Q) You have been a part of a number of incredible projects. What have been some of your favorite films and/or series to have worked on?

A) A highlight of my career recently (over the last ten years anyway) was that I had the great good fortune to play Artie on “Warehouse 13.” It was really fun and I had a really wonderful showrunner in Jack Kenny, who was a gift. Not only the writers in his room, but also the cast. That was very, very fortunate. I got to shoot it in my old hometown in Toronto, which was really cool. And I had a great role for five years so that was really wonderful. Then, getting to work on The Ballad of Buster Scruggs with the Coen brothers who are filmmakers that I have admired for a long, long time. Being in an old stagecoach with that wonderful group of actors (almost doing like a one-act play) was really a highlight. And doing Ethan’s one-act plays that I just did was extraordinary. But going back in my life, I have to look at Unforgiven as a great project that I was thrilled to be a part of. There have been projects throughout there years – there have been so many of them.

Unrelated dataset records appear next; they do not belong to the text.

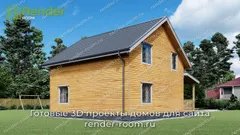 Миниатюра 3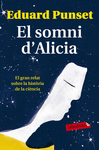 EL SOMNI D'ALICIA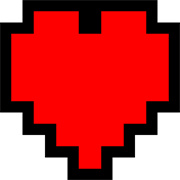 传说之下三角旅者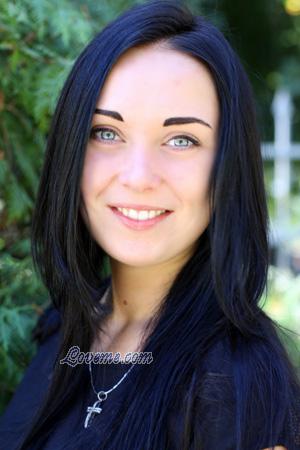 158396 - Maria Age: 33 - Ukraine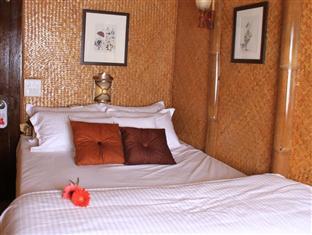 Goan Pleasure Houseboats photo 5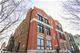 3101 W Washington Unit 4, Chicago, IL 60612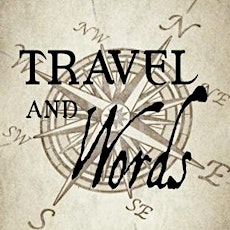 Travel & Words Spring 2015 Conference primary image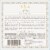 Ava Grace Chardonnay White Wine Perspective: left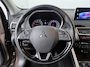 Mitsubishi Eclipse Cross 1.5 DI-T Intense | trekhaak |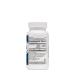 GNC Folic Acid 800mcg 100 Tablets for Healthy Fetal Development - Buy Online on GoSupps.com
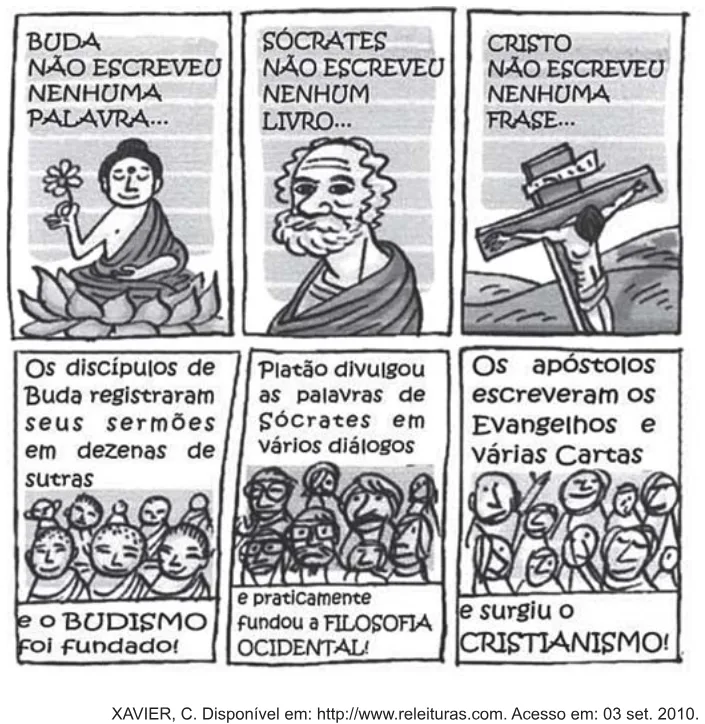 Trecho original com figura, tabela ou fórmula da questão 100 do ENEM 2010 - 2º Dia – Caderno 6 – Cinza – Reaplicação/PPL.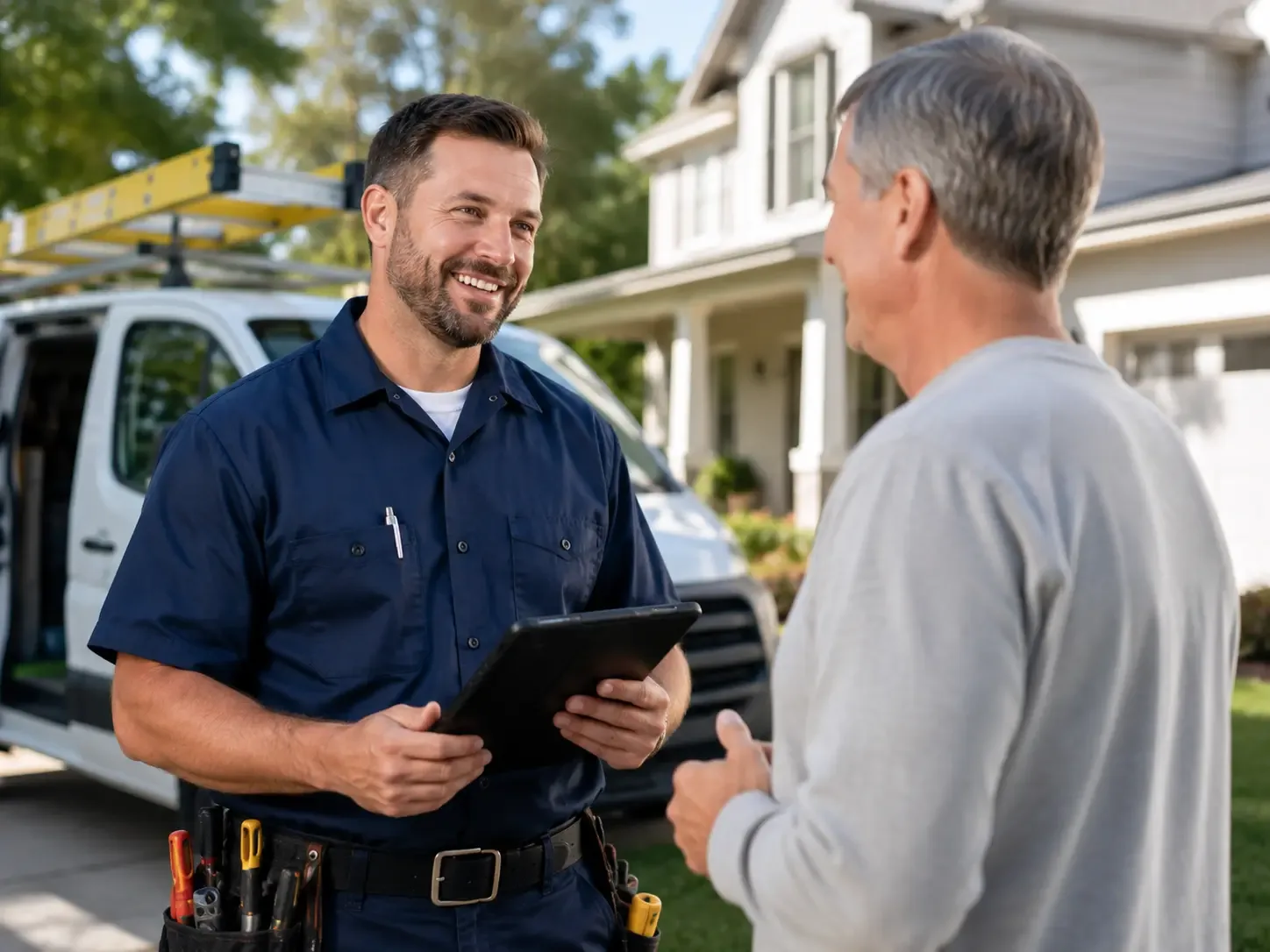 Whole Home Rewiring Emma, MO FAQs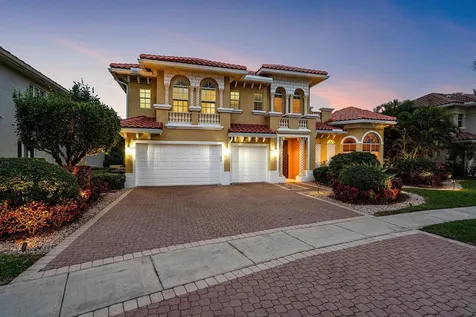 7077 Via Mediterrania Boca Raton FL 33433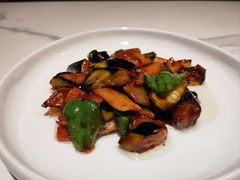 -辛香汇·现炒川菜(小寨原力场-西北首店)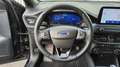Ford Focus 1.0 EcoBoost Active X*Navi*DAB*LED*el.SD*Kamera*AC Noir - thumbnail 9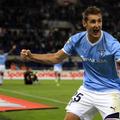 Miroslav Klose Lazio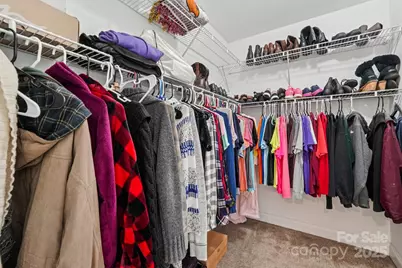 589 Newport Drive, Mount Gilead, NC 27306 - Photo 26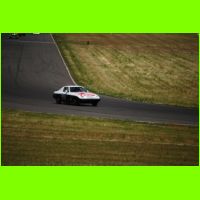 Thunderhill_May2010-0457.jpg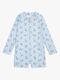Swim Essentials UV-Puku, Little Seagull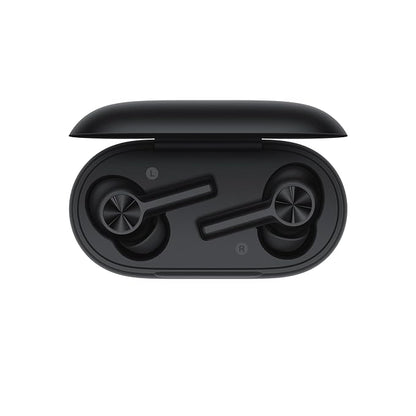 OnePlus Buds Z2 Bluetooth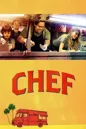 Chef Chef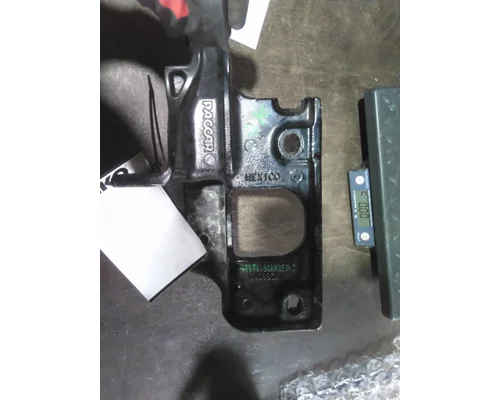 KENWORTH T680 BUMPER BRACKET
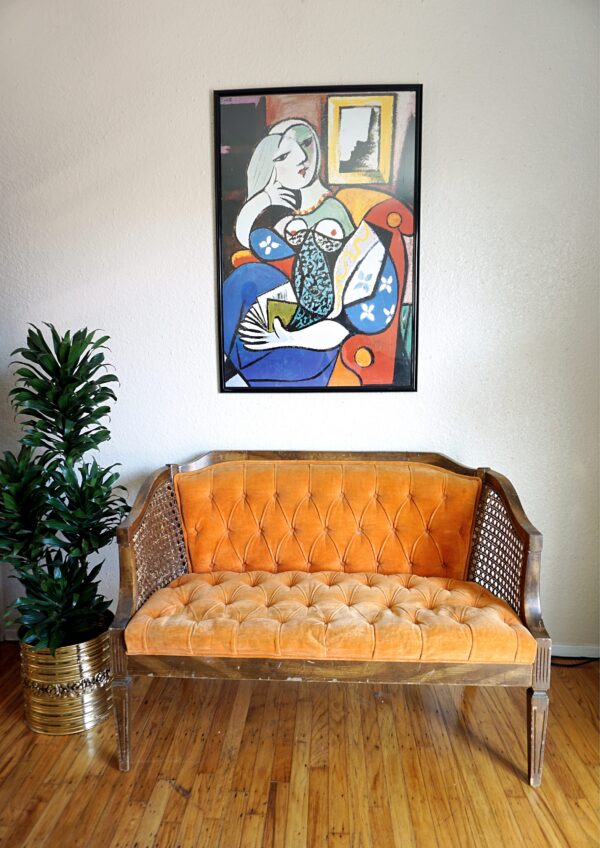 DSC06381_Fotor DSC06381_Fotor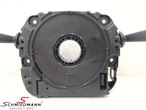 B61319123032 61319123032 61 31 9 123 032 9123032 BMW E93 -  Switch cluster steering column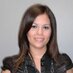 Migdaliz Ortiz (@migdalizom) Twitter profile photo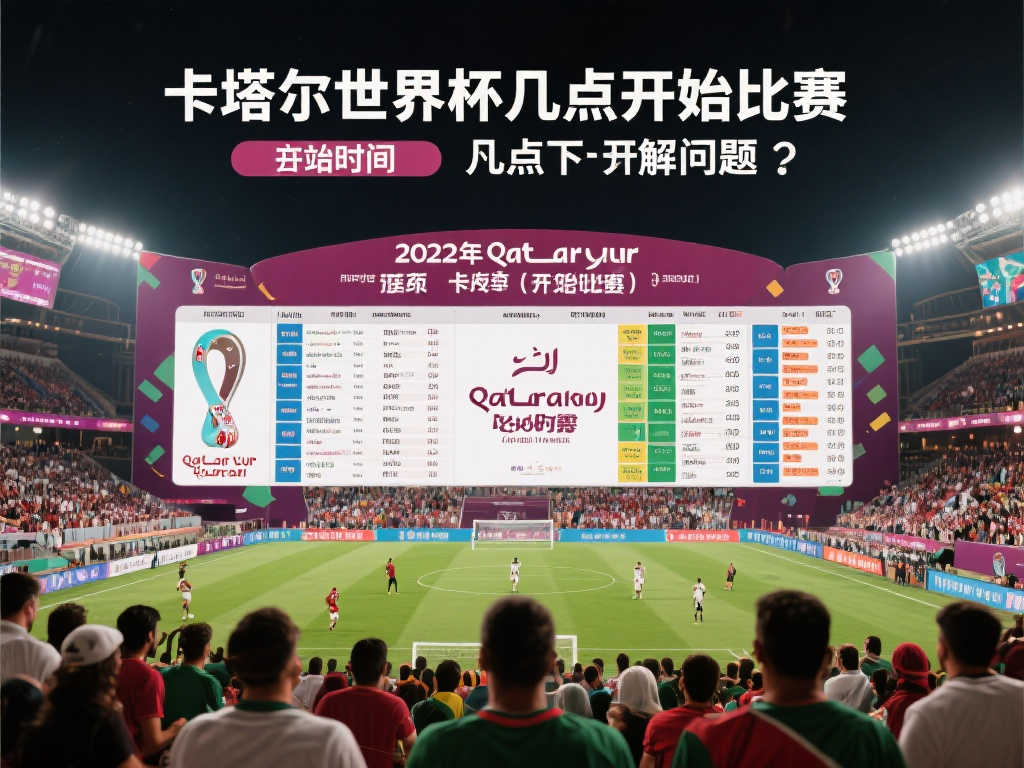 未来的选秀 未来的选秀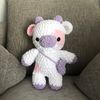 snuggly__stuffies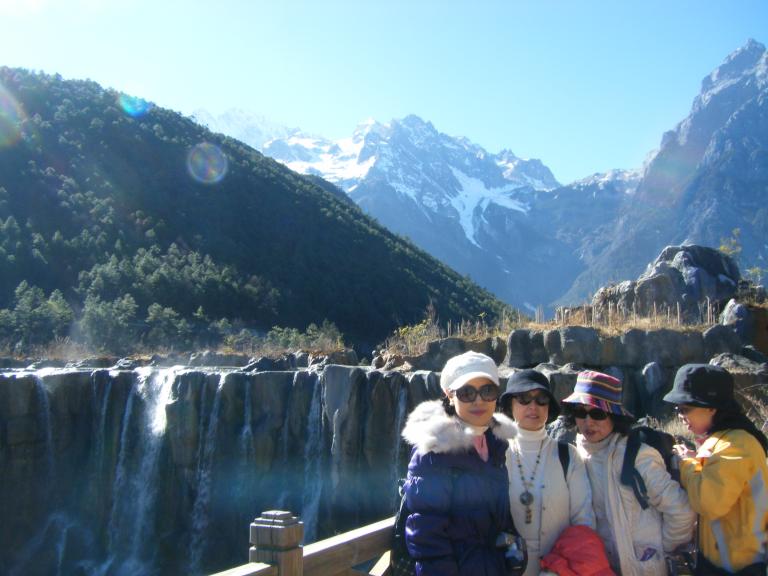 DSCF2062.JPG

Those are huge highlights in my career. Doing True Romance was a great experience. And because I went to a screening of Once Upon a Time in Hollywood, I got to meet Tarantino, who wrote True Romance, for the first time. I also just recently met Eli Roth. Eli Roth plays a character named “The Bear” in Ingolorious Bastards — his character’s last name is Donowitz. My character in True Romance is Lee Donowitz — so in the Tarantino universe, Eli is my father. So, I got to meet my Tarantino movie-world dad.

Q) We absolutely loved you on “Warehouse 13!” What did you personally take away from your time on the series, including mementos?

A) A lot! My biggest memento from that series is that the show-runner Jack Kenny became a very close friend who doesn’t live very far away from me in Hollywood. So, I see him all the time. He and his husband Michael are friends of our family. That is probably the biggest takeaway — that friendship. We get to share stories of our creative lives and our ups and downs together. It was also the first time that I’d ever played a character for so long. It was a really interesting challenge to do that many hours of a character. I had this conversation with Al Pacino, actually, when we were working on the set. We were talking about people who binge watch, which was not a thing in his youth and certainly not in mine. He said a very interesting thing that I hadn’t thought of. He said, “Given the fact that people might binge watch (as they are going to drop all ten episodes on one day)…” His question to me was, “Knowing that the audience might binge-watch so many episodes in a row, do you think actors should put more variety into their performance?” It’s a very interesting concept because it didn’t exist before a decade ago – the idea that someone might watch a performance for so many hours in a row. I’ve never binge watched “Warehouse 13” and I wonder if I’d like my work – if there was enough variety in my work to warrant a binge watch. [chuckles] But what was great is I had a wonderful cast of people to work with and we had great, great scripts. At that point in my career, to have the great fortune of having a role like that (that had so much variety) was a wonderful thing. The only other time that I had a role that went on for a while (two or two and a half years) was the role I played on “Frasier.” That was certainly a highlight for me – working with that group of people. Even now we watch “Frasier” as a family as kind of a comfort food and it’s kind of a shock like, “Oh wait! That’s me! Oh shit! I forgot I was on that show!” [laughs]

Q) What would like to say to everyone who is a fan and supporter of you and the work you do?

A) Thanks! I’m just grateful for people who follow my work and I’m humbled by it. For me, when I look back, I just feel extremely lucky that I spent my life doing something that I loved and I had the great luck to be able to do that. I continue to do it. I’ve directed four films, two of them produced by my wife Elinor Reid (some of the highlights of my life are the films I directed). But now a lot of my focus is on doing theater again, both as a playwright and as an actor. I’m really excited about the new play I wrote. And it coincidentally has such resonance with the Hunters I’m really excited to see the reaction to “Hunters.” It will be interesting.